* [Assignment]:
Work through the listing below and give again exactly the lines from the one with "Living and Home" to the one with "164cm Blizzard G095", both ends included. All other lines and all pictures stay out.

* [Dataset records]:

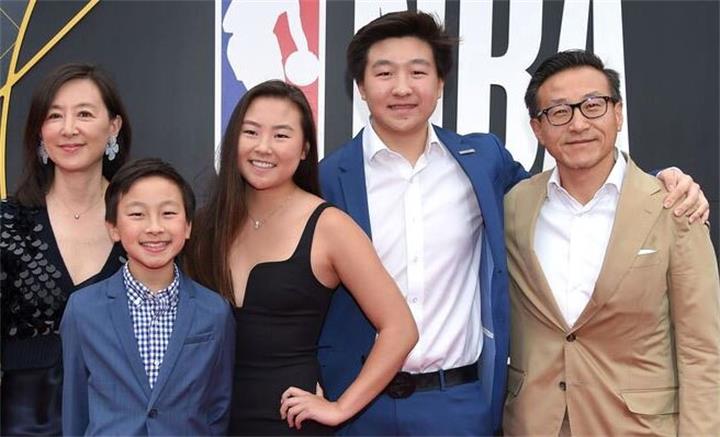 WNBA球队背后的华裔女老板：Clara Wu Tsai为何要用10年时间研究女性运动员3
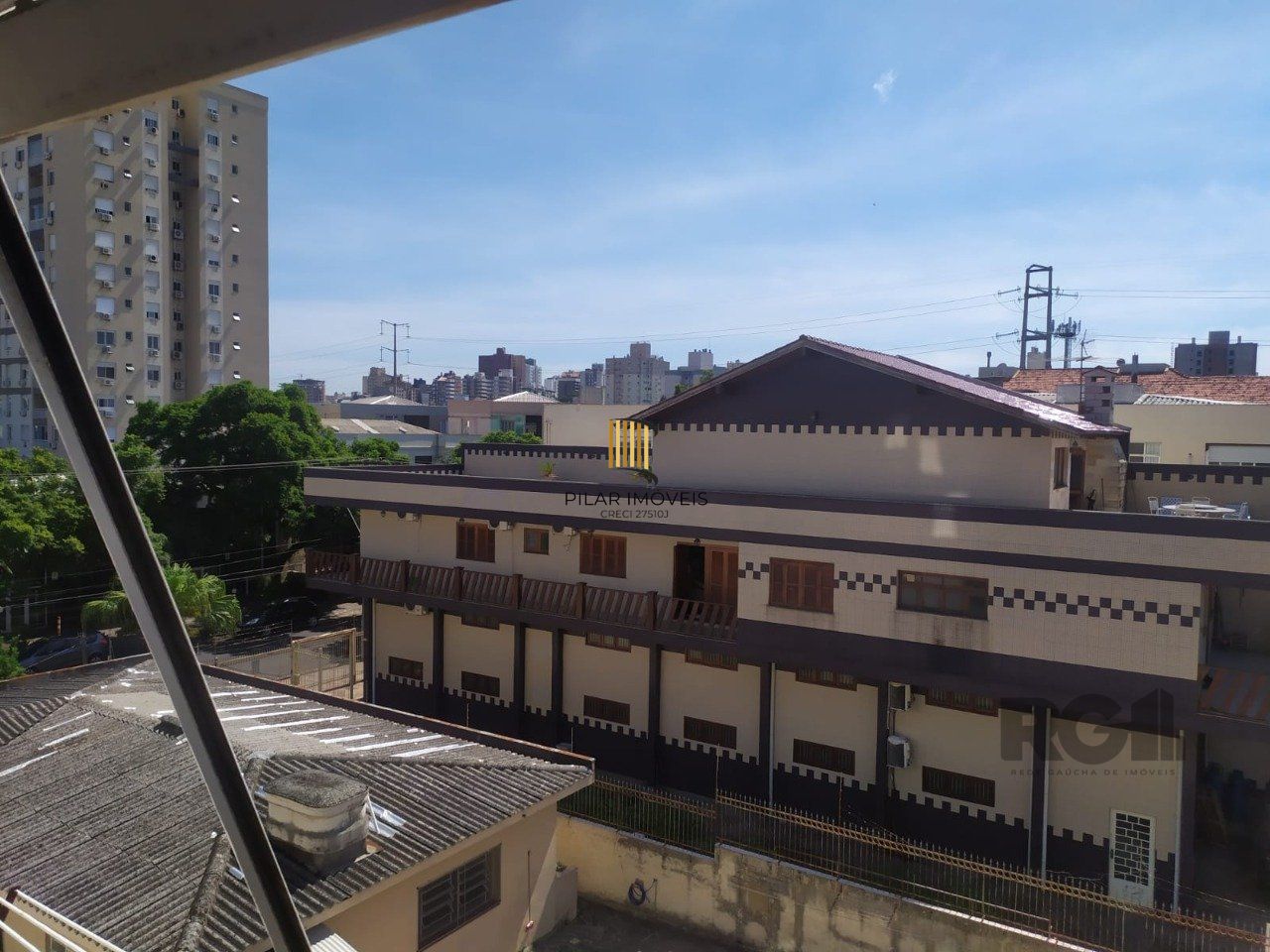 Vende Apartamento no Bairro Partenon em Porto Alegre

* * *

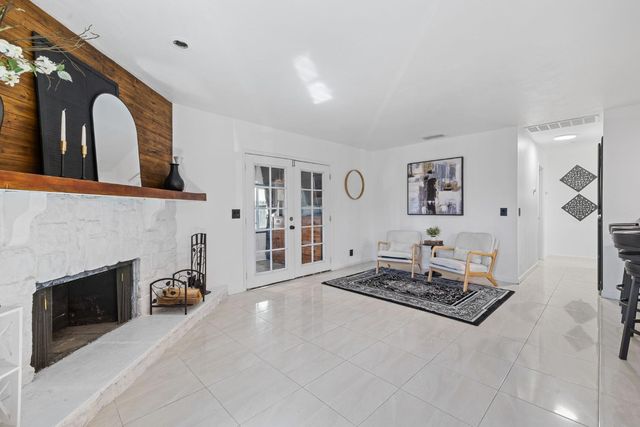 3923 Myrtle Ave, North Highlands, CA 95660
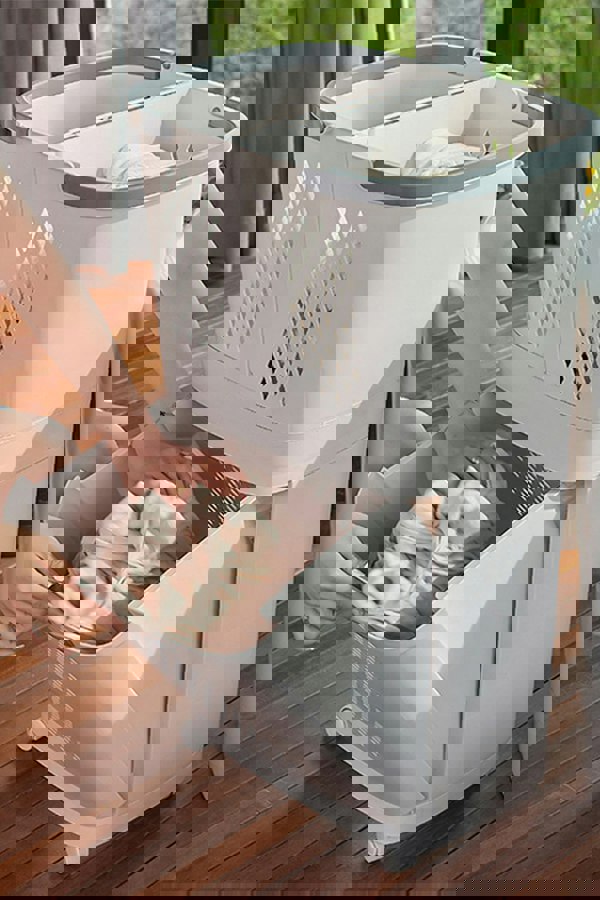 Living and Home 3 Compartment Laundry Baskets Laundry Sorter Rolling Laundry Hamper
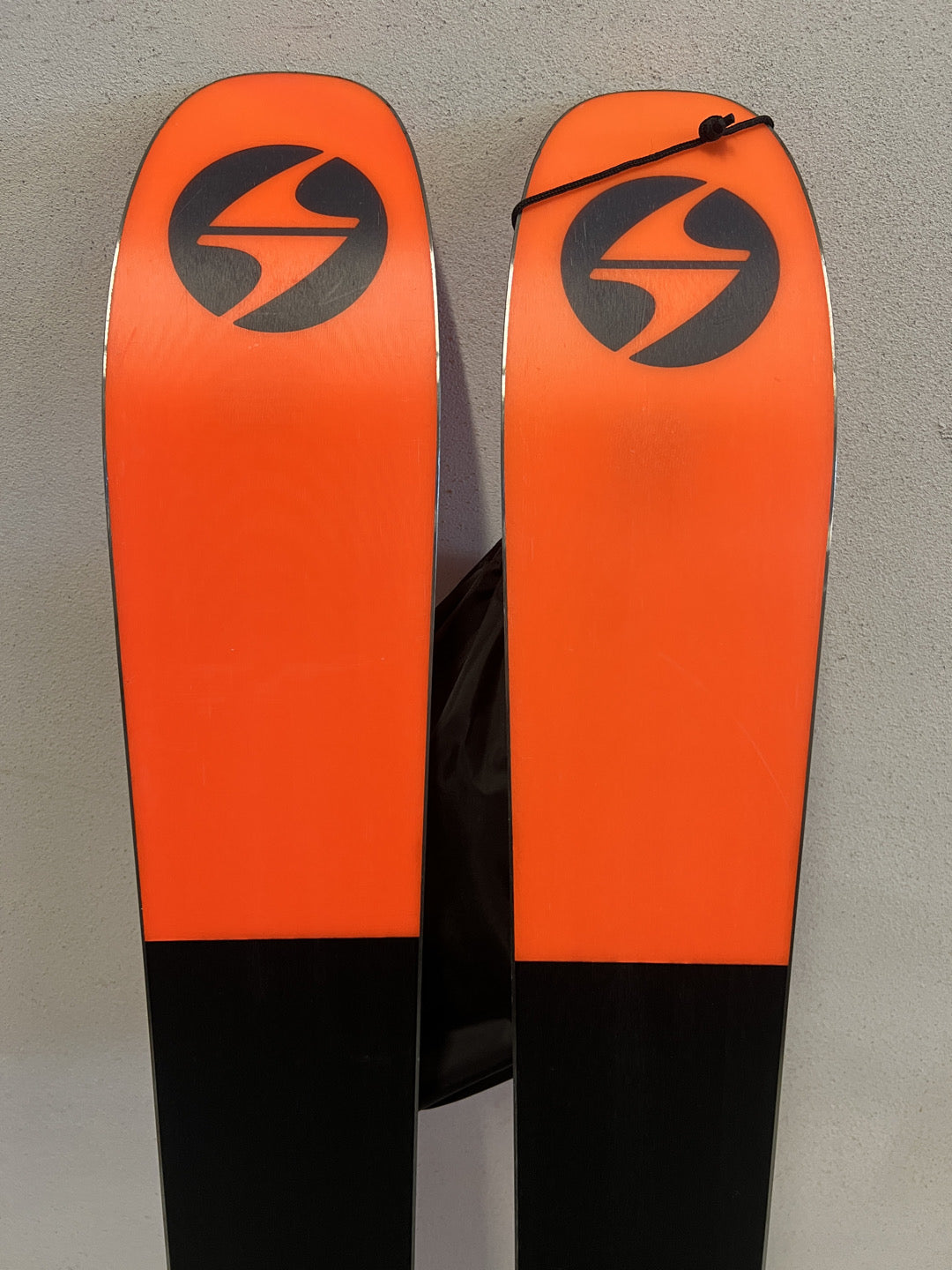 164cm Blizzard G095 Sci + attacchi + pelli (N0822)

* [Solved exercise]:
 Living and Home 3 Compartment Laundry Baskets Laundry Sorter Rolling Laundry Hamper
 164cm Blizzard G095 Sci + attacchi + pelli (N0822)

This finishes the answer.